▸ **Assignment**:
Please reproduce the listing in its entirety, exactly as shown.

--

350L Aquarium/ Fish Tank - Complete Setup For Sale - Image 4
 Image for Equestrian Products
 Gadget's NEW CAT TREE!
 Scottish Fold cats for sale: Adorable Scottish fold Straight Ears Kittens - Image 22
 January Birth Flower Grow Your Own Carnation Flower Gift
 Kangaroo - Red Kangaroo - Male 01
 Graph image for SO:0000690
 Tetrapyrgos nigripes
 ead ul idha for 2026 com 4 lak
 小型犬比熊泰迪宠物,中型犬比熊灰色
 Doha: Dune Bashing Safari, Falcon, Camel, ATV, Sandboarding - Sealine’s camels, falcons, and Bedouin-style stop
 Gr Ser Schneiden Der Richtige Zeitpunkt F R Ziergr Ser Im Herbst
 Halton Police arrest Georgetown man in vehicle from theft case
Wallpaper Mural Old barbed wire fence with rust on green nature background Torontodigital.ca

--

▸ **Expected answer**:
350L Aquarium/ Fish Tank - Complete Setup For Sale - Image 4
 Image for Equestrian Products
 Gadget's NEW CAT TREE!
 Scottish Fold cats for sale: Adorable Scottish fold Straight Ears Kittens - Image 22
 January Birth Flower Grow Your Own Carnation Flower Gift
 Kangaroo - Red Kangaroo - Male 01
 Graph image for SO:0000690
 Tetrapyrgos nigripes
 ead ul idha for 2026 com 4 lak
 小型犬比熊泰迪宠物,中型犬比熊灰色
 Doha: Dune Bashing Safari, Falcon, Camel, ATV, Sandboarding - Sealine’s camels, falcons, and Bedouin-style stop
 Gr Ser Schneiden Der Richtige Zeitpunkt F R Ziergr Ser Im Herbst
 Halton Police arrest Georgetown man in vehicle from theft case
Wallpaper Mural Old barbed wire fence with rust on green nature background Torontodigital.ca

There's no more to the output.